··· Given material

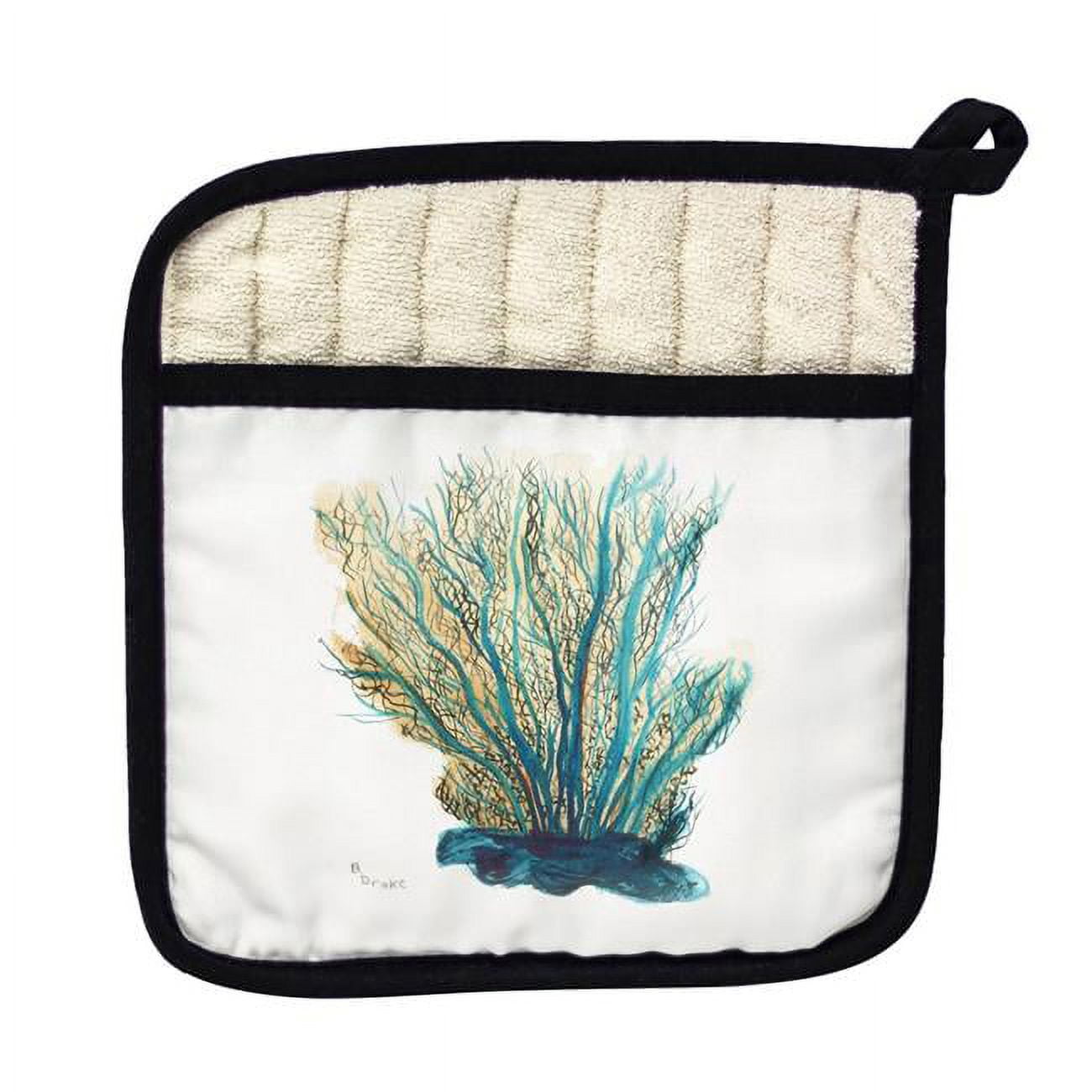 Picture of Betsy Drake PT703C Blue Coral on White Pot Holder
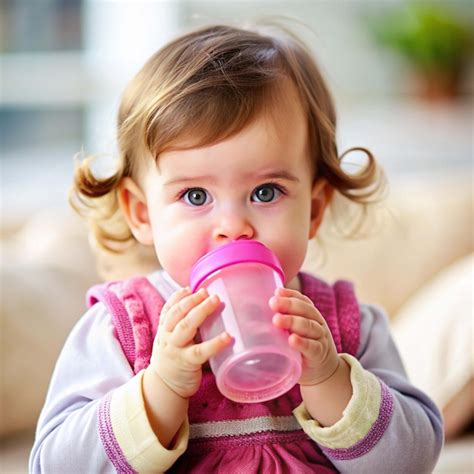 Premium Photo A Baby Is Drinking From A Pink Sippy Cup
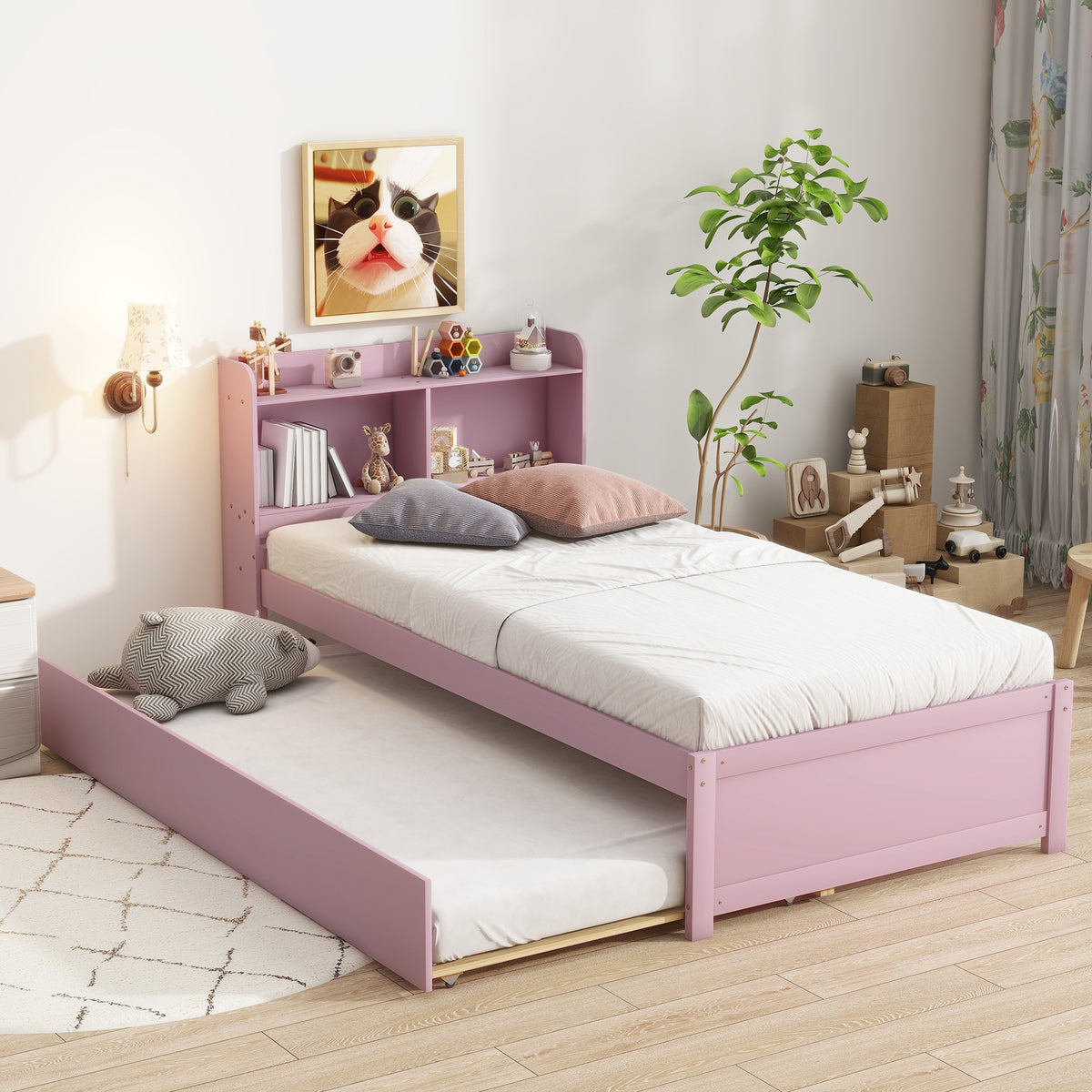 Twin Bed with Trundle,Bookcase,Pink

······

§ **Task goal**
A verbatim transcription of the listing is expected, with no pictures included.

§ **Written answer**
 Picture of Betsy Drake PT703C Blue Coral on White Pot Holder
 Premium Photo A Baby Is Drinking From A Pink Sippy Cup
 Twin Bed with Trundle,Bookcase,Pink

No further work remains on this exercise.